§ Your task:
Your copy should begin with the line containing "EverTrue Malagasy Labradorite", end with the line containing "Lesro Lenox Wood", match the listing below exactly, and contain no pictures.

§ Extracted data:
******************************

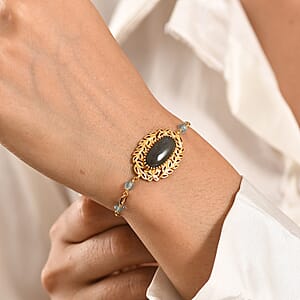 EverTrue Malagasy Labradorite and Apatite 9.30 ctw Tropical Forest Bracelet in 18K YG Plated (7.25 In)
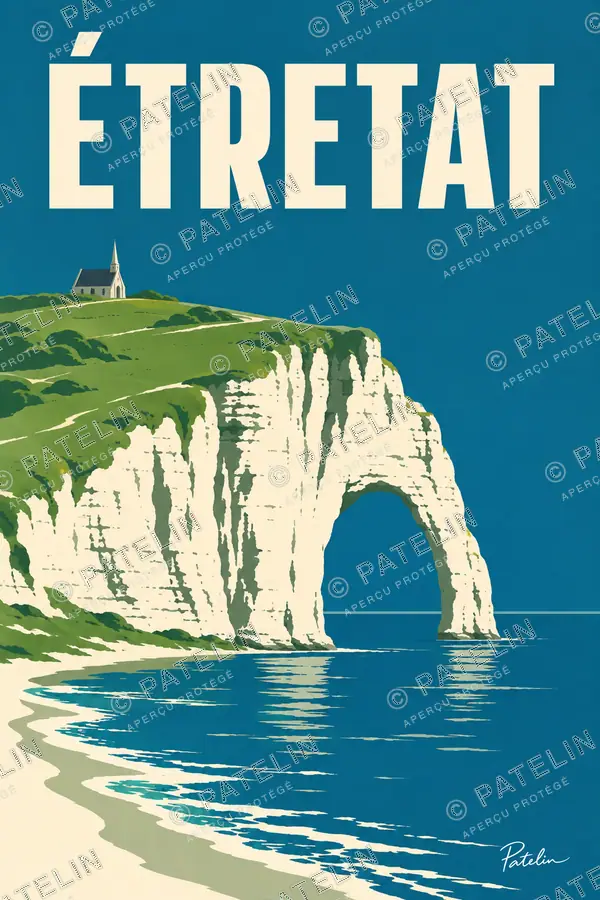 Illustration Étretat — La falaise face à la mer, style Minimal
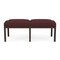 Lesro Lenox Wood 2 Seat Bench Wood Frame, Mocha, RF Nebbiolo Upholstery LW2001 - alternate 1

******************************

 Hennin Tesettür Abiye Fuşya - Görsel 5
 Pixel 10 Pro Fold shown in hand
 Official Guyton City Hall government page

******************************

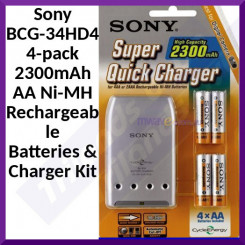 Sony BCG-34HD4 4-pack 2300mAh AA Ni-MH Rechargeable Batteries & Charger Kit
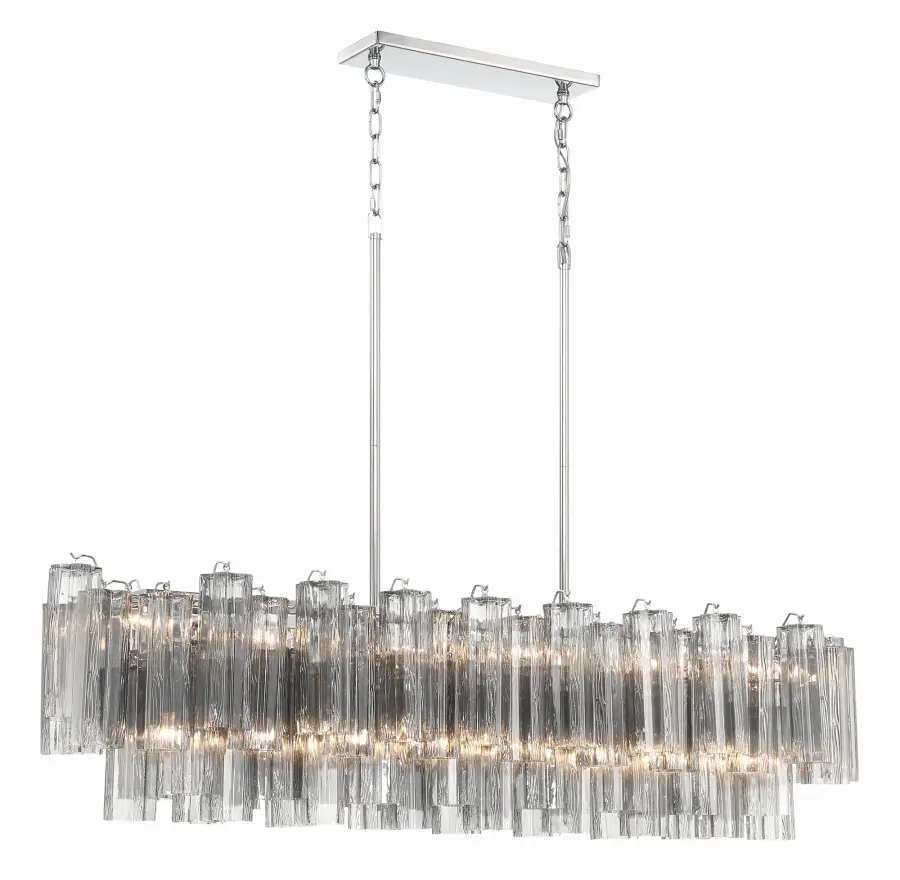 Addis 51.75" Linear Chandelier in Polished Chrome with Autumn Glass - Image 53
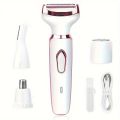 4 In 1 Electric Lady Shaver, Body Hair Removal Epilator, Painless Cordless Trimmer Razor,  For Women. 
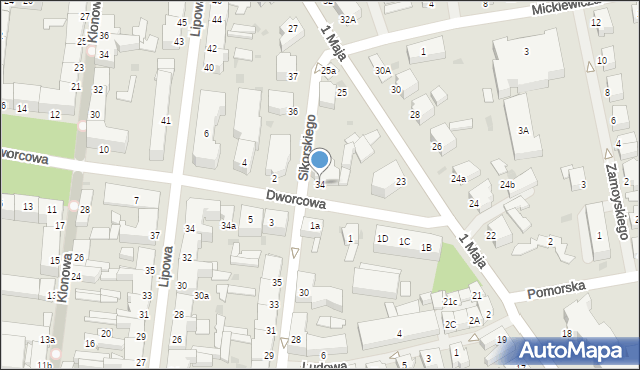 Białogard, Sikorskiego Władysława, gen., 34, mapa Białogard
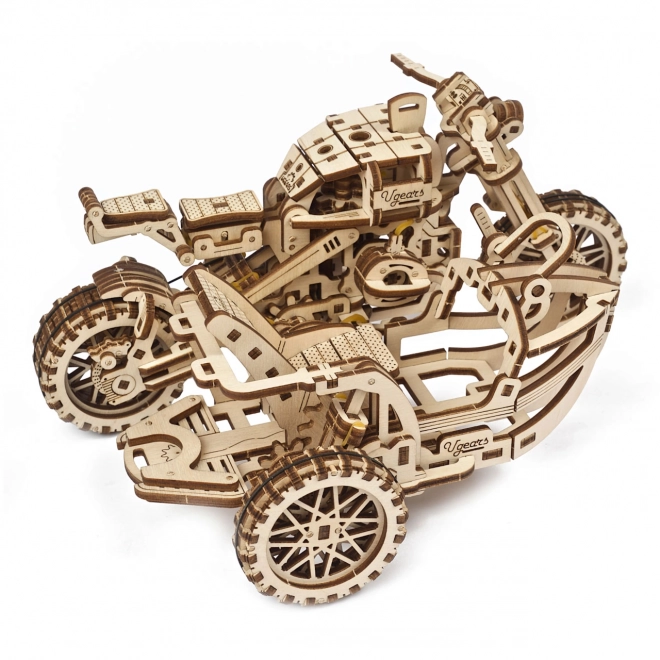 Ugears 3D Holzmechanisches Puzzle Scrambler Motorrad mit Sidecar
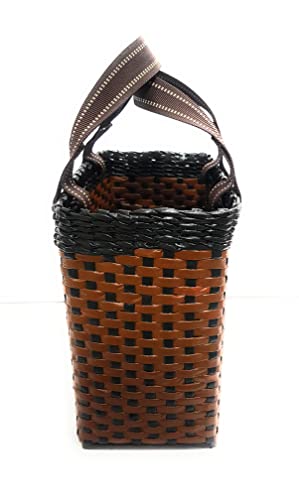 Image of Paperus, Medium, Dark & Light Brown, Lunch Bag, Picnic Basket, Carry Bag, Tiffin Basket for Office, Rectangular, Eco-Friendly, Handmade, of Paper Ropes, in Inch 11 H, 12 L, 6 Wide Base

******************************

§ Task output:
 EverTrue Malagasy Labradorite and Apatite 9.30 ctw Tropical Forest Bracelet in 18K YG Plated (7.25 In)
 Illustration Étretat — La falaise face à la mer, style Minimal
 Lesro Lenox Wood 2 Seat Bench Wood Frame, Mocha, RF Nebbiolo Upholstery LW2001 - alternate 1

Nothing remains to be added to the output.